[[ Data to use open ]]

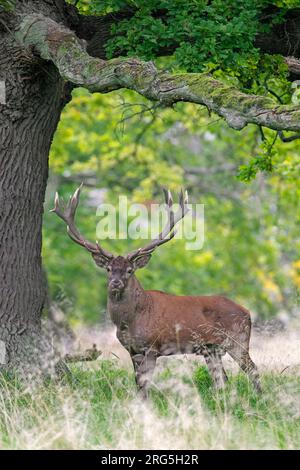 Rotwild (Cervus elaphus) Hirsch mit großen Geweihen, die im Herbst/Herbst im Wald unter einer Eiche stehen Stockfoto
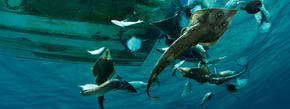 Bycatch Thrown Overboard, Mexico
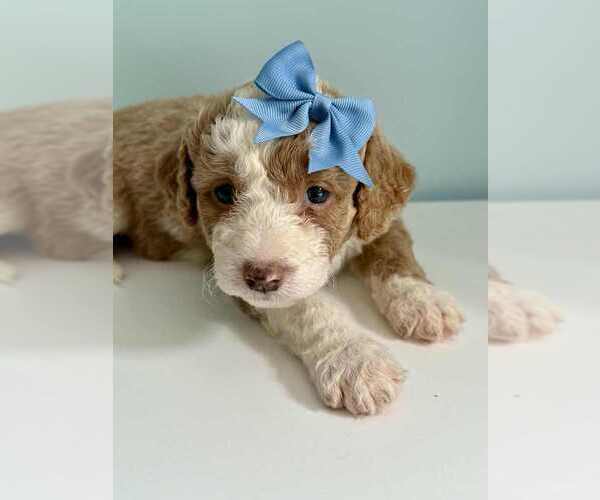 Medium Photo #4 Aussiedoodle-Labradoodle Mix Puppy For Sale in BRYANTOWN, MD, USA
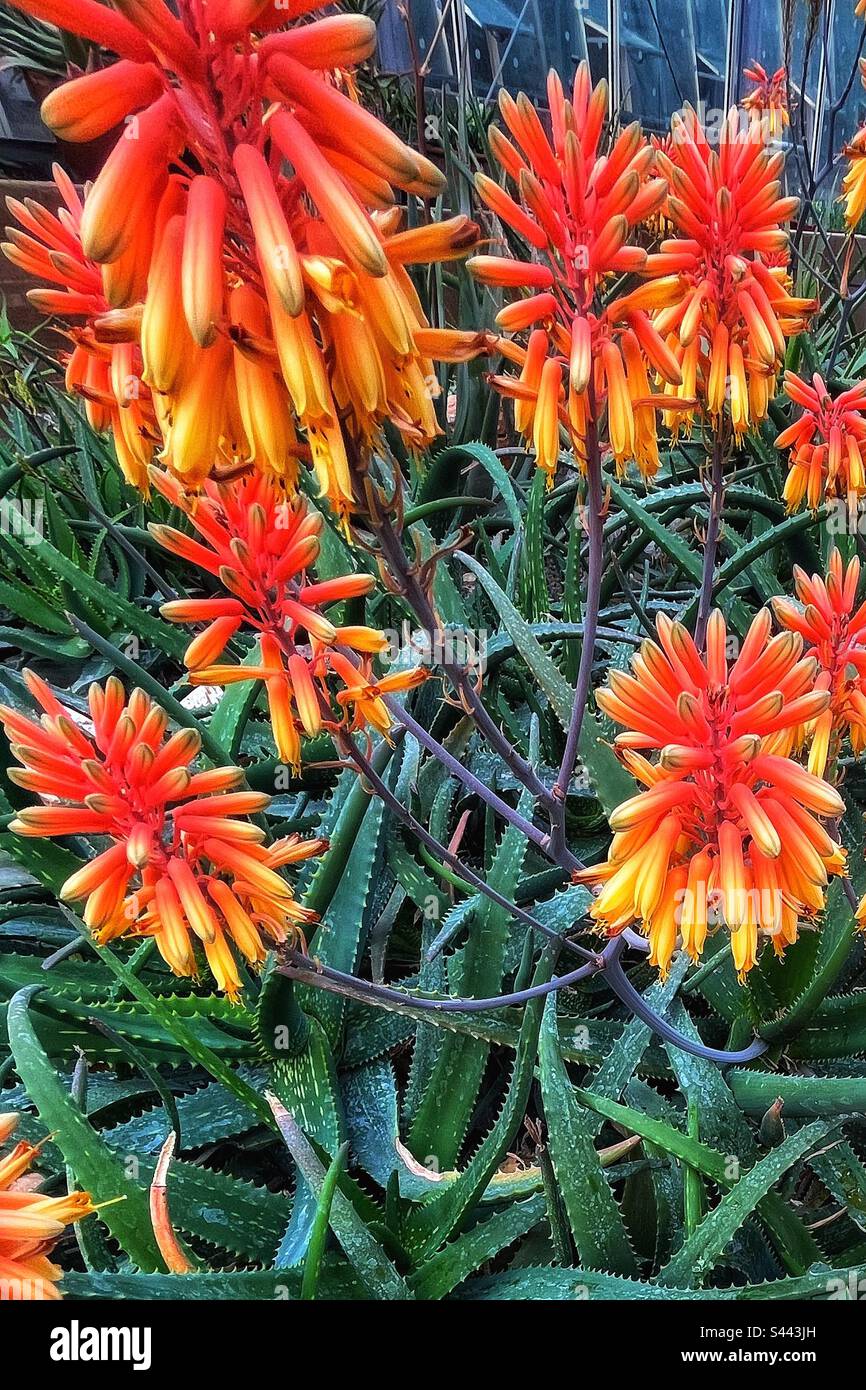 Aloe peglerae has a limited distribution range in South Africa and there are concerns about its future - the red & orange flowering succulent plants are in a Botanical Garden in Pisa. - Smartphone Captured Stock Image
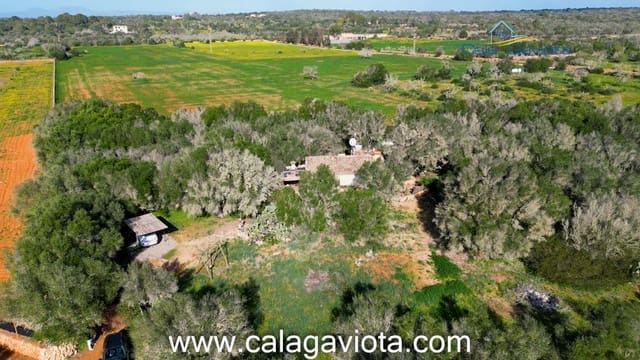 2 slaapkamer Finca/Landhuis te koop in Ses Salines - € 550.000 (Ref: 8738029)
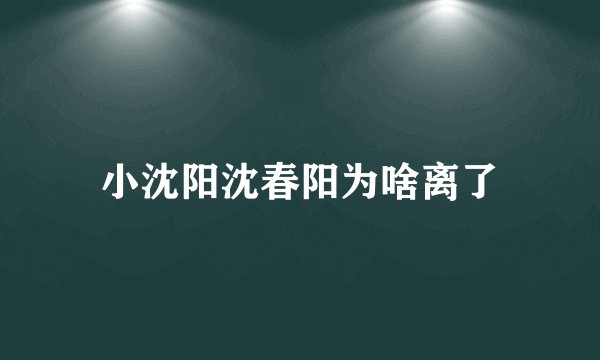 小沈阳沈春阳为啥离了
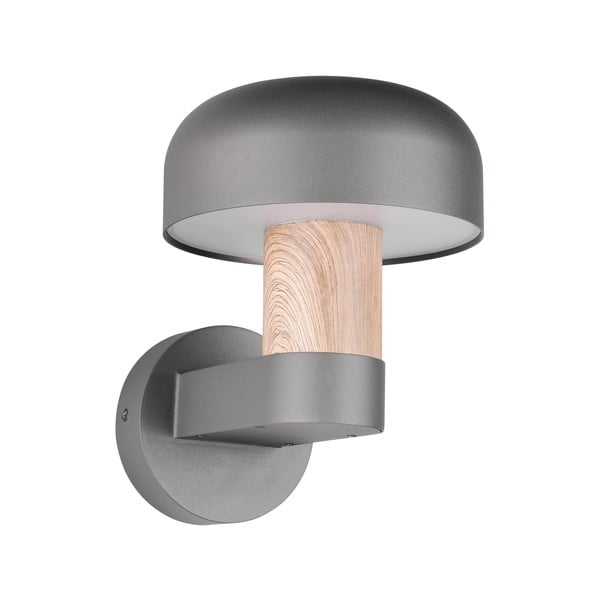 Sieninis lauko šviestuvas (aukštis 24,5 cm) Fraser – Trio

[[ Data to use closed ]]

Task statement: Output the line that contains "Bycatch Thrown Overboard, Mexico" and every line after it to the end of the records, word for word, leaving out the pictures.

Reply:
 Bycatch Thrown Overboard, Mexico
 Medium Photo #4 Aussiedoodle-Labradoodle Mix Puppy For Sale in BRYANTOWN, MD, USA
 Aloe peglerae has a limited distribution range in South Africa and there are concerns about its future - the red & orange flowering succulent plants are in a Botanical Garden in Pisa. - Smartphone Captured Stock Image
 2 slaapkamer Finca/Landhuis te koop in Ses Salines - € 550.000 (Ref: 8738029)
 小沈阳沈春阳为啥离了
 Sieninis lauko šviestuvas (aukštis 24,5 cm) Fraser – Trio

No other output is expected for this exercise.